Issued by Phumzile Van Damme MP – DA Shadow Minister of Communications
19 Jan 2018 in News

Note to Editors: Please find attached a soundbite by the DA Shadow Minister of Communications, Phumzile Van Damme MP

Rubben Mohlaloga, who has been recommended by the ANC in Parliament to serve as the Chairperson of the ICASA Council has this week been convicted of fraud, and is therefore disqualified from serving on the Council.

According to a statement released by the Hawks, Mohlaloga and three others, have been found guilty of defrauding the Land Bank of approximately R6 million in 2008. The three transferred funds from the Agri-BEE fund, money intended for poor farmers, into a trust account and bought a farm for R2 million as well as an X5 BMW and a BMW 118i for Mohlaloga, who was an ANC MP and the Chairperson of the Portfolio Committee of Agriculture at the time.

The fact that he has been found guilty of fraud means that he no longer qualifies to serve on the ICASA council.
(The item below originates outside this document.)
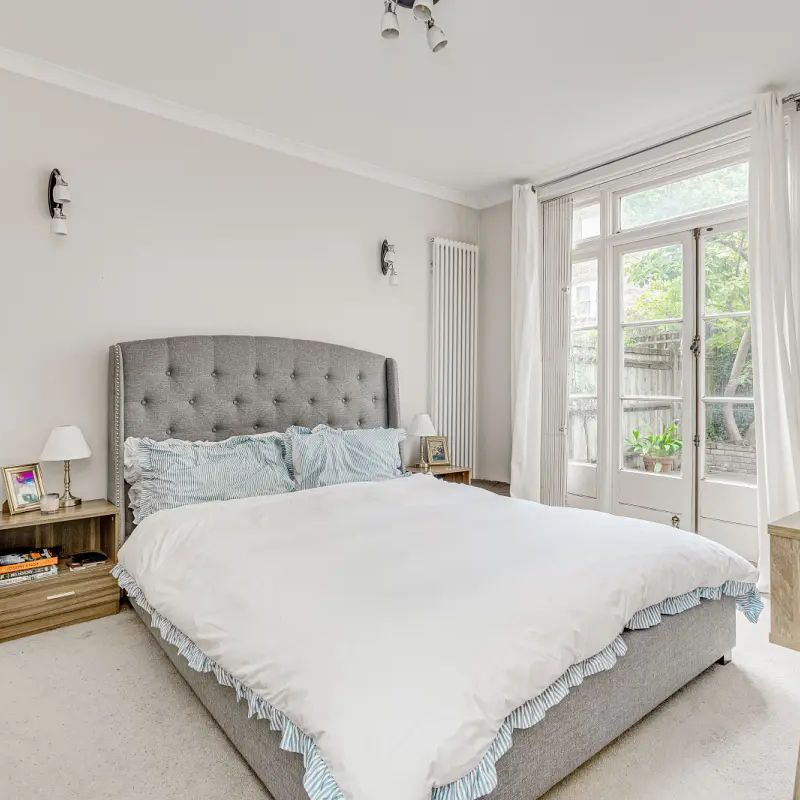 1 bedroom flat in London - Photo 1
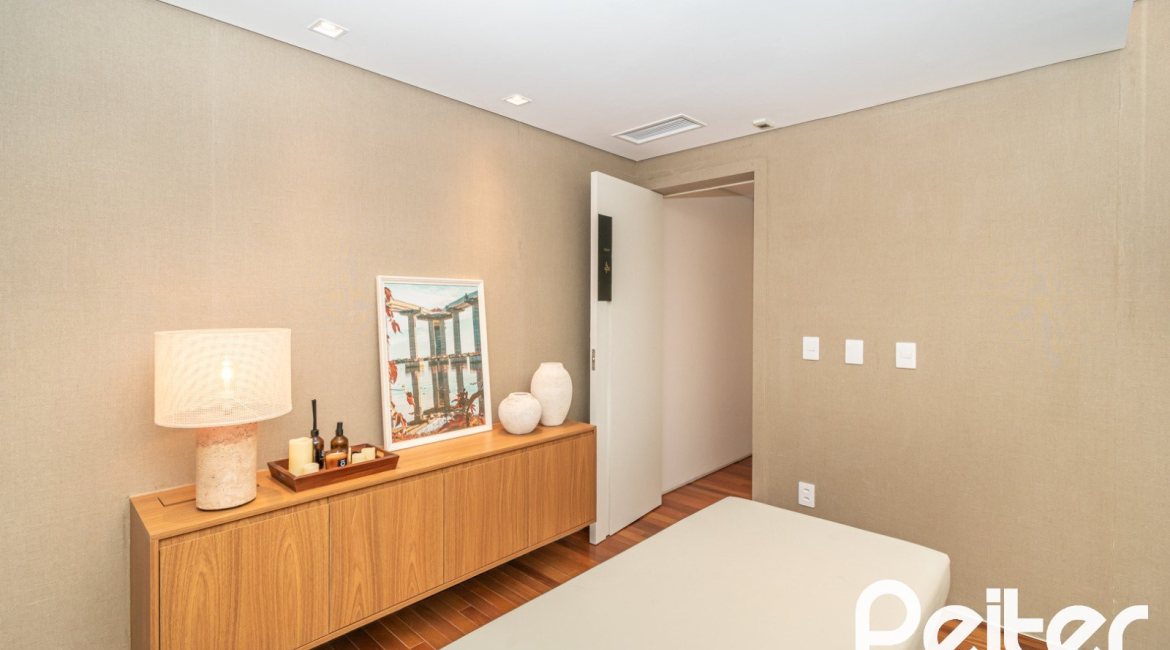 Apartamento Garden à venda com 248m², 2 dormitórios, 2 suítes, 4 vagas, no bairro Cristal em Porto Alegre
Section 6 of the ICASA Act states that “[a] person may not be appointed as a councillor if he or she has at any time been convicted, whether in the Republic of elsewhere, of theft, fraud, forgery or uttering a forged document, perjury, an offence in terms of the Corruption Act or any other offence involving dishonesty”.

Seeing that Mohlaloga is yet to be formally appointed to the ICASA Council by President Jacob Zuma, the responsibility now rests on him to immediately halt his appointment. The DA will write to President Zuma requesting that he does not appoint Mohlaloga to the ICASA Council.

It is well known that Mohlaloga has a chequered past and Parliament should not have approved his appointment, it did so despite the DA’s objection.

Our Communications entities have been crippled by corruption because of the ANC’s cadre deployment and political interference.

The DA will continue to use our platform in Parliament to fight for the integrity of our state entities and to prevent them from being overrun by compromised crooks in order to once again restore the public’s faith in state entities.